- Opening Delimiter -

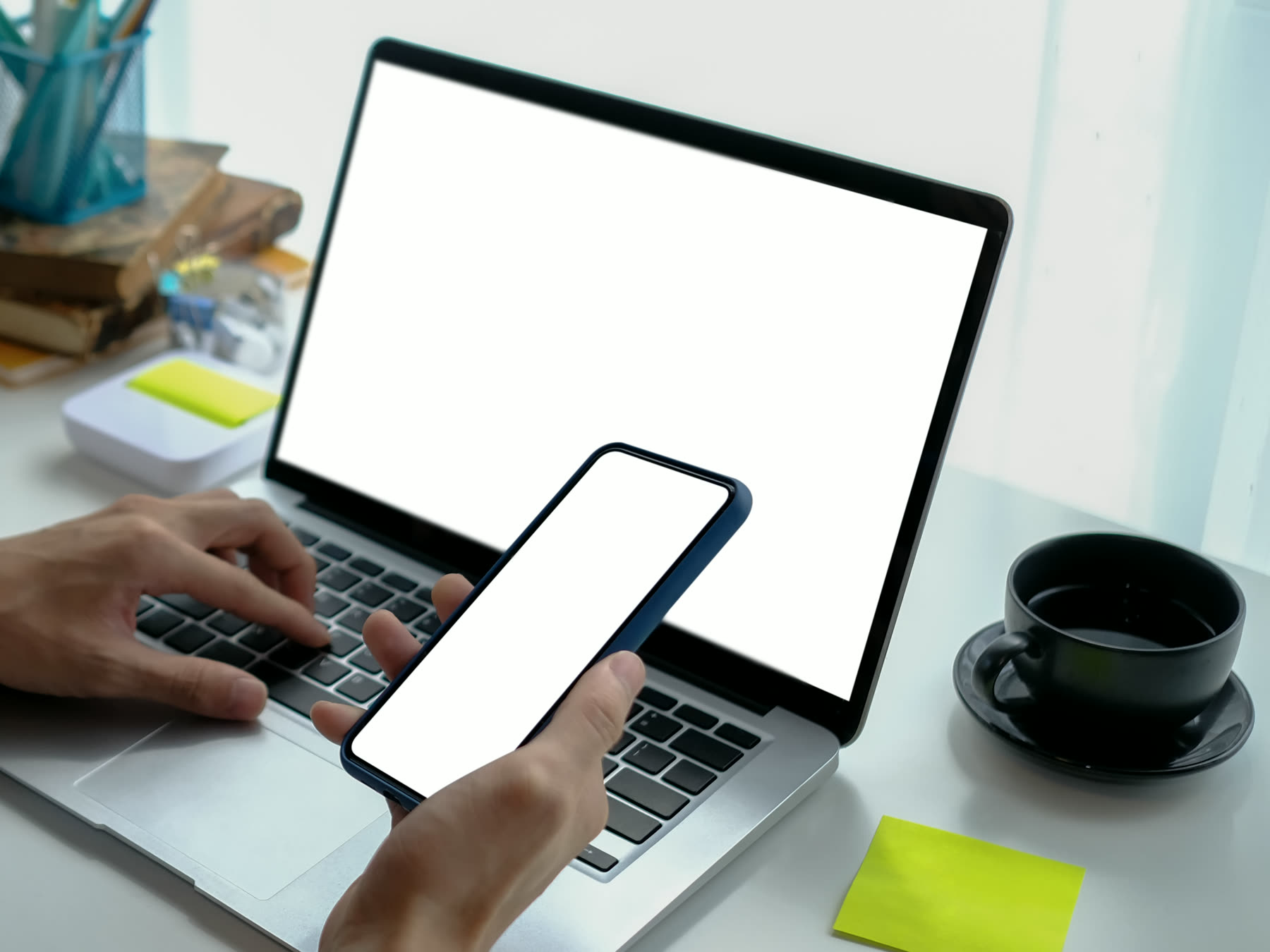 A website layout being reviewed on screen alongside a phone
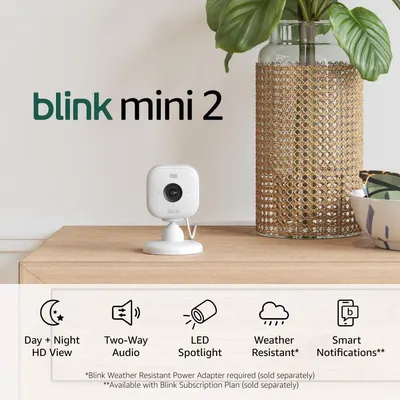 Shows the Blink Mini 2 camera in a real home environment to help shoppers visualize how it fits naturally into their living space. Uses graphic overlays including the product name and feature icons…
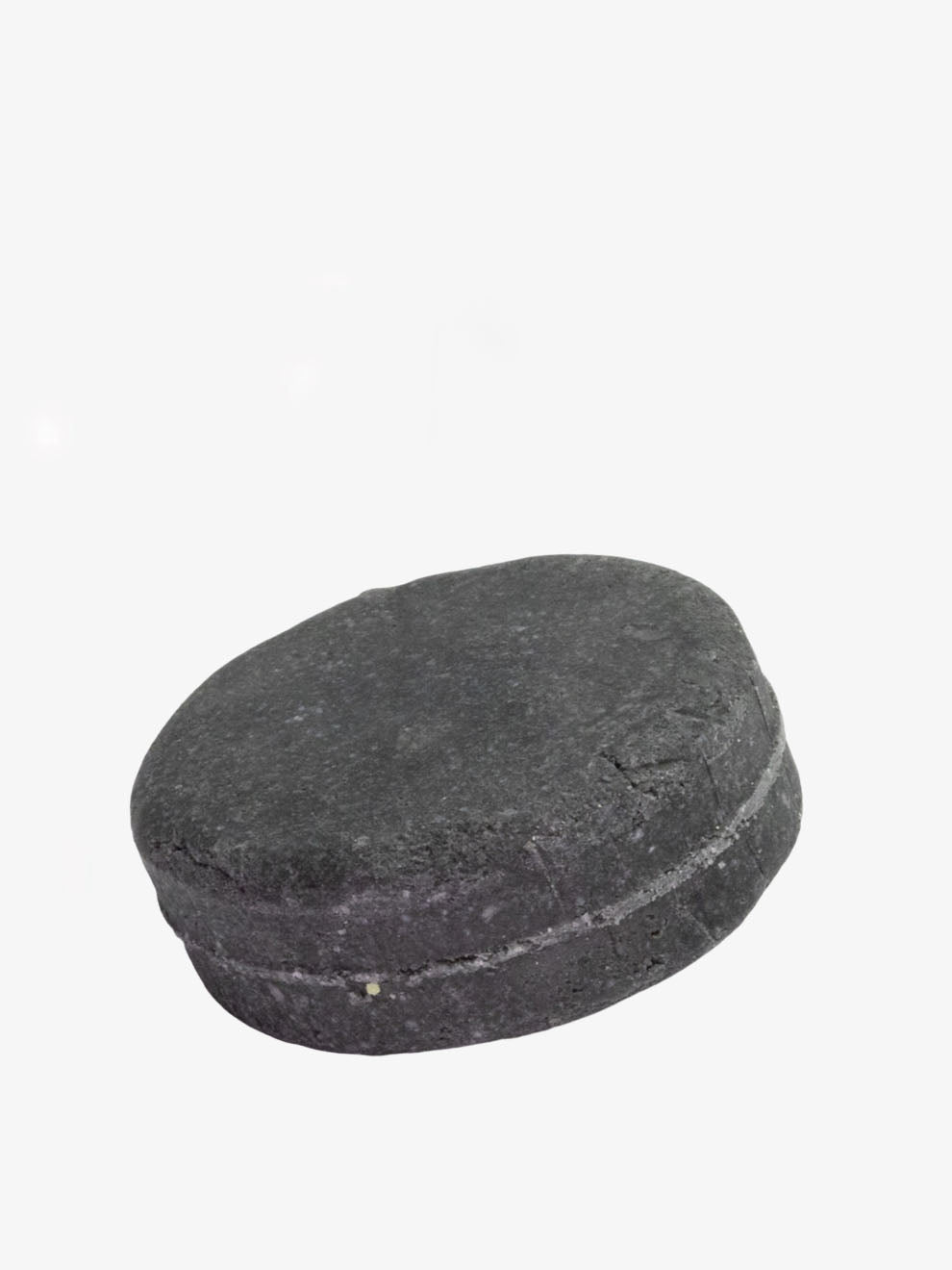 Grön Lycka schampokaka Black Fairy detox i vit förpackning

- Closing Delimiter -

* Task statement: Please print all the data above word for word. Pictures should not appear in the copy.

* Result of the exercise:
 A website layout being reviewed on screen alongside a phone
 Shows the Blink Mini 2 camera in a real home environment to help shoppers visualize how it fits naturally into their living space. Uses graphic overlays including the product name and feature icons…
 Grön Lycka schampokaka Black Fairy detox i vit förpackning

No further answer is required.